Recorded data:
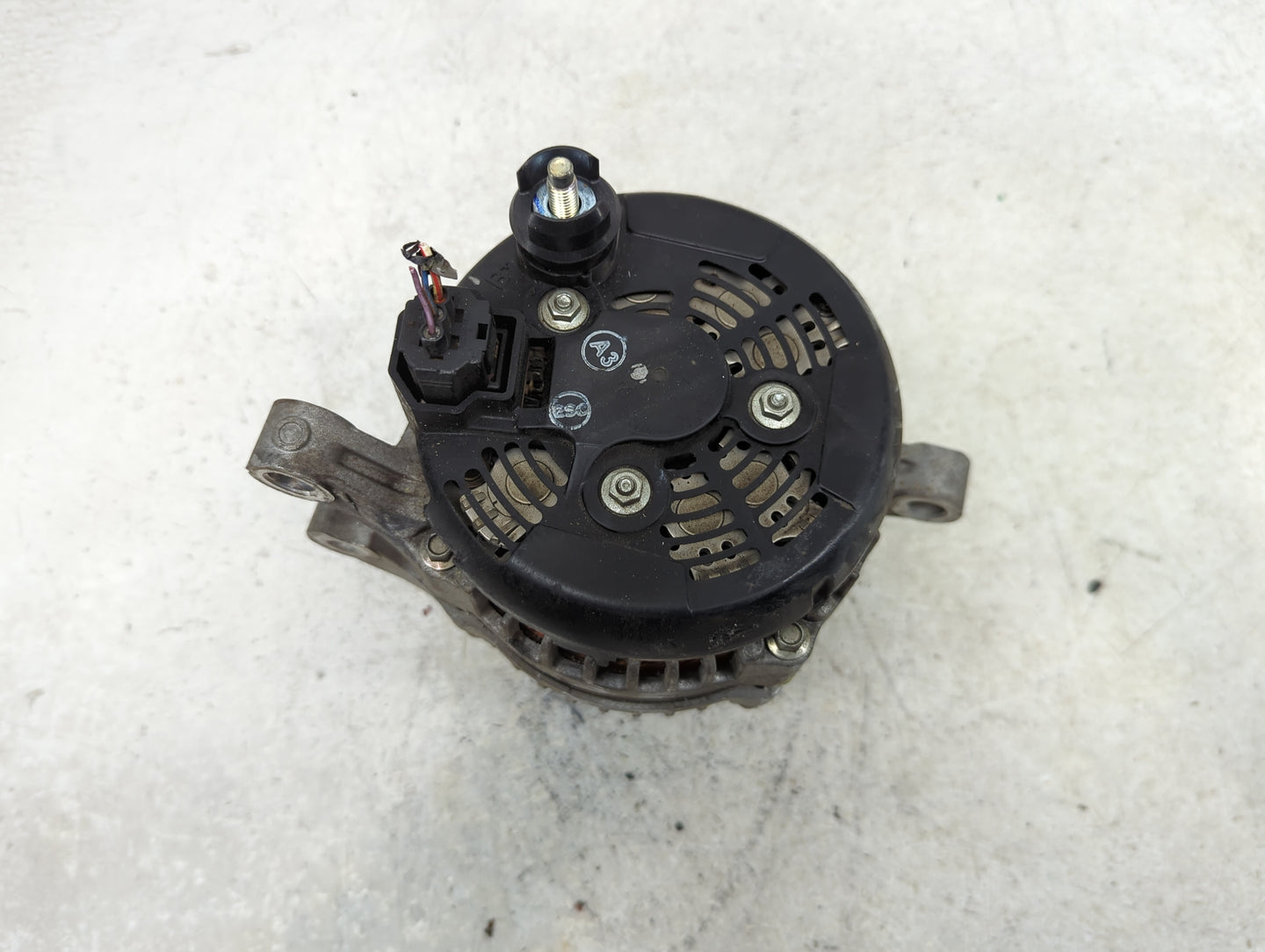 2015-2018 Ford Edge Alternator Replacement Generator Charging Assembly Engine OEM P/N:G2GT-10300-BA Fits OEM Used Auto Parts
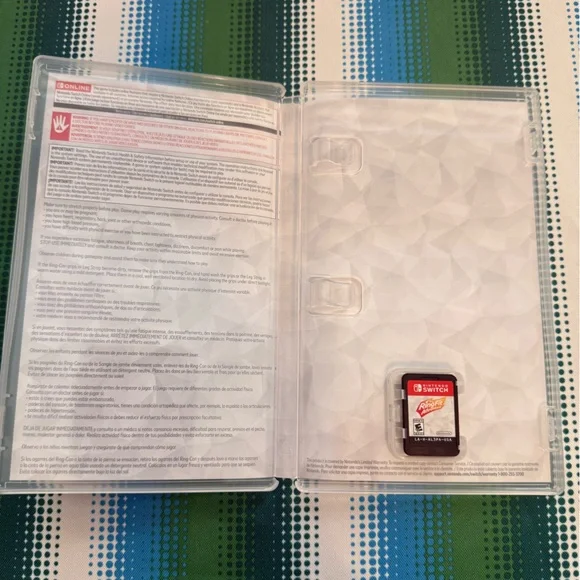 Nintendo Ring Fit Adventure Ring-Con with Red and Blue Joy-Con Artwork - Picture 5 of 16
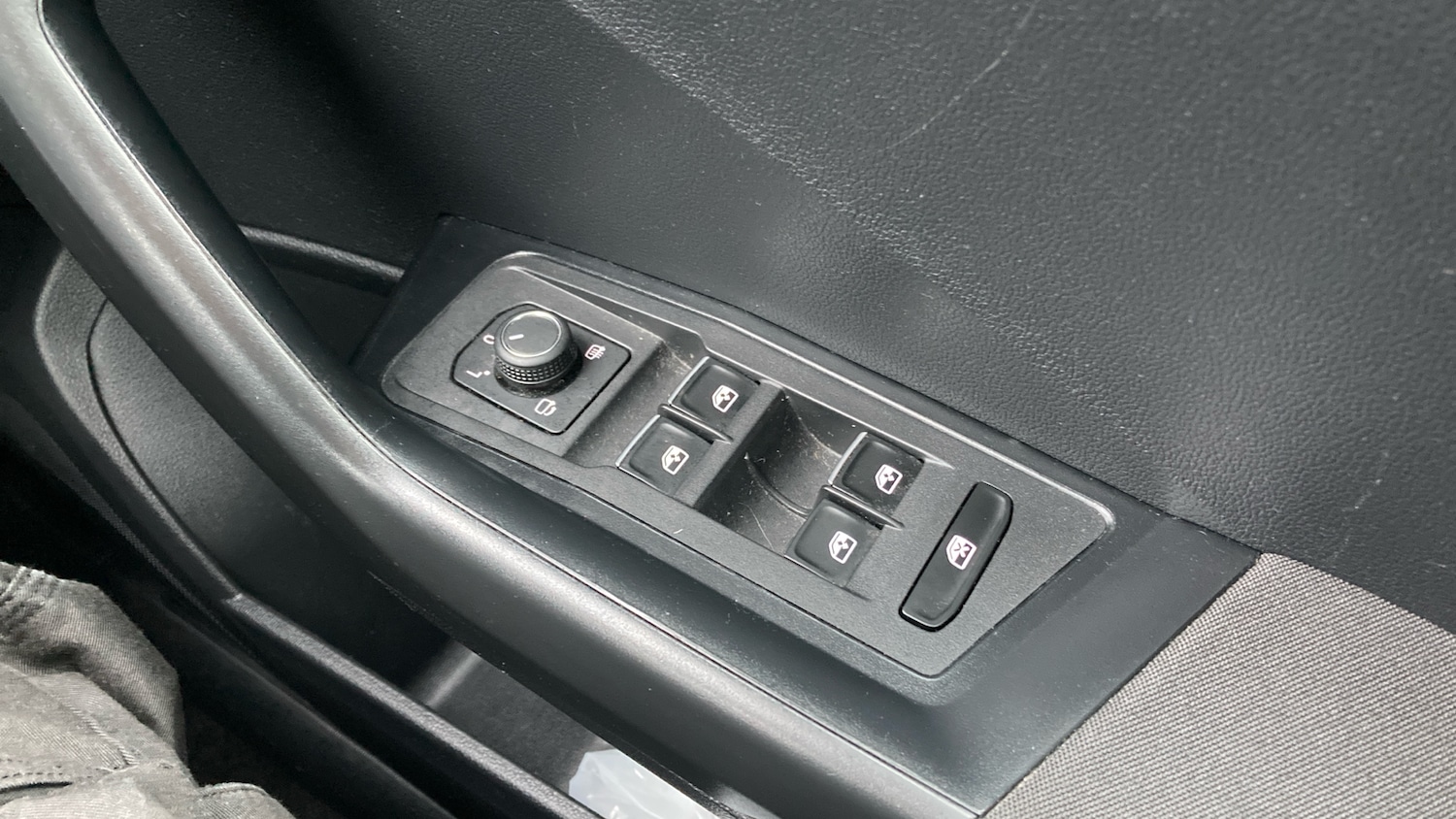 Used Volkswagen T-Roc 2020 for sale - 77323836: Photo 21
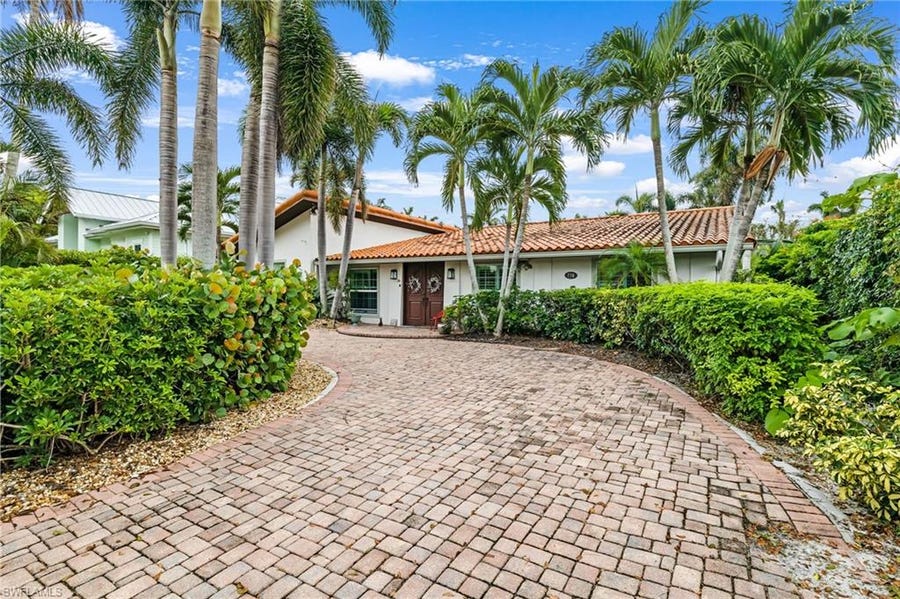 Property photo for 778 Broad Ct S, Naples, FL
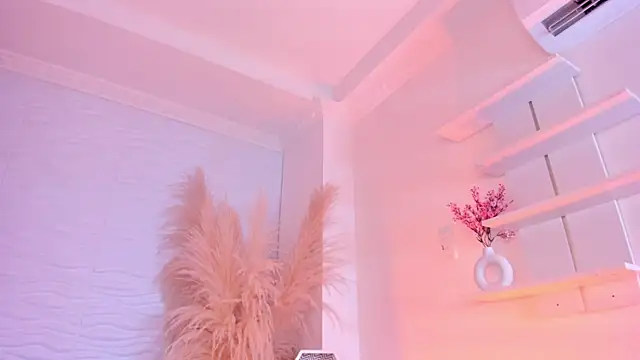 IsabelleFoxx  online show from April 17, 10:56 pm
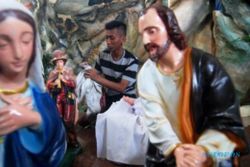 FOTO HARI NATAL 2016 : Diorama Kelahiran Yesus Ditata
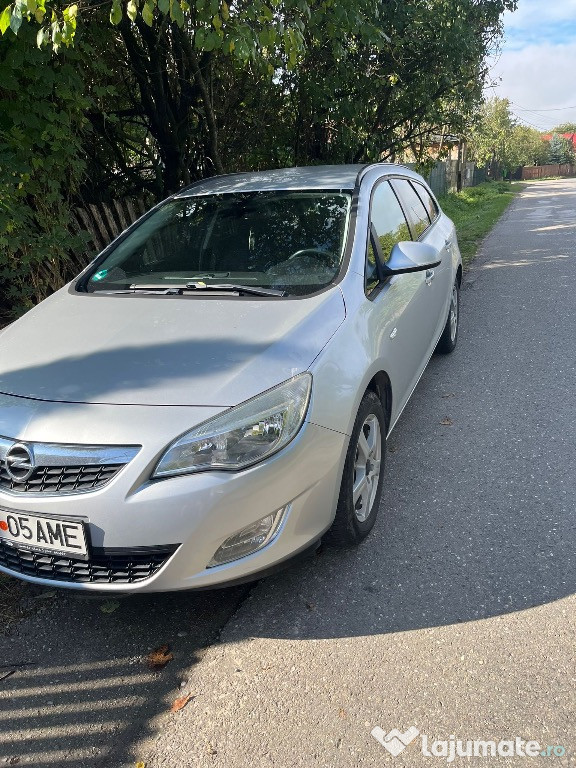 Opel Astra J 2011
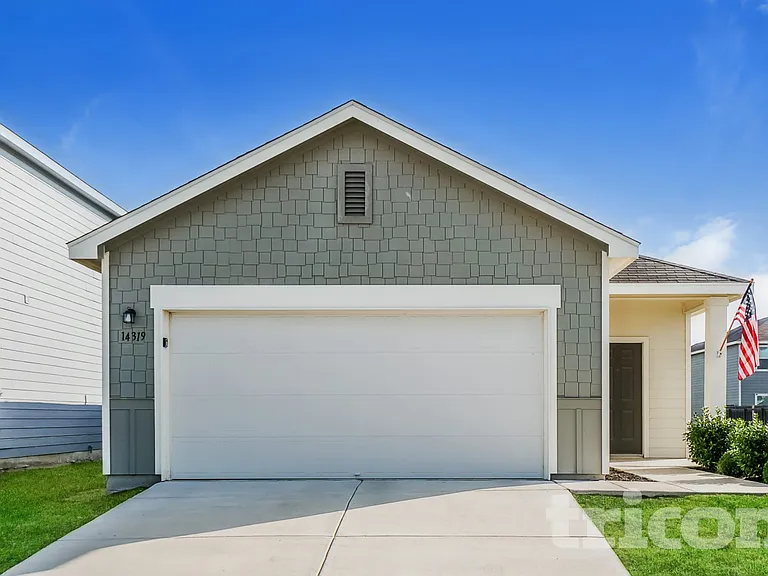 14319 Palm Rdg — Photo 1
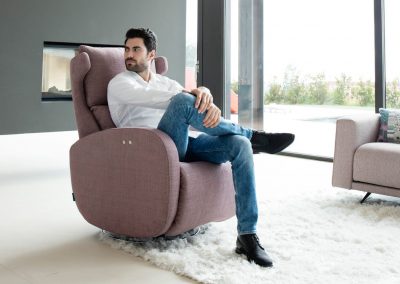 Modernus krėsliukas Kim 10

[TASK OBJECTIVE]
Leave the pictures out and reproduce every record above exactly.

[OUTPUT BELOW]
 2015-2018 Ford Edge Alternator Replacement Generator Charging Assembly Engine OEM P/N:G2GT-10300-BA Fits OEM Used Auto Parts
 Nintendo Ring Fit Adventure Ring-Con with Red and Blue Joy-Con Artwork - Picture 5 of 16
 Used Volkswagen T-Roc 2020 for sale - 77323836: Photo 21
 Property photo for 778 Broad Ct S, Naples, FL
 IsabelleFoxx  online show from April 17, 10:56 pm
 FOTO HARI NATAL 2016 : Diorama Kelahiran Yesus Ditata
 Opel Astra J 2011
 14319 Palm Rdg — Photo 1
 Modernus krėsliukas Kim 10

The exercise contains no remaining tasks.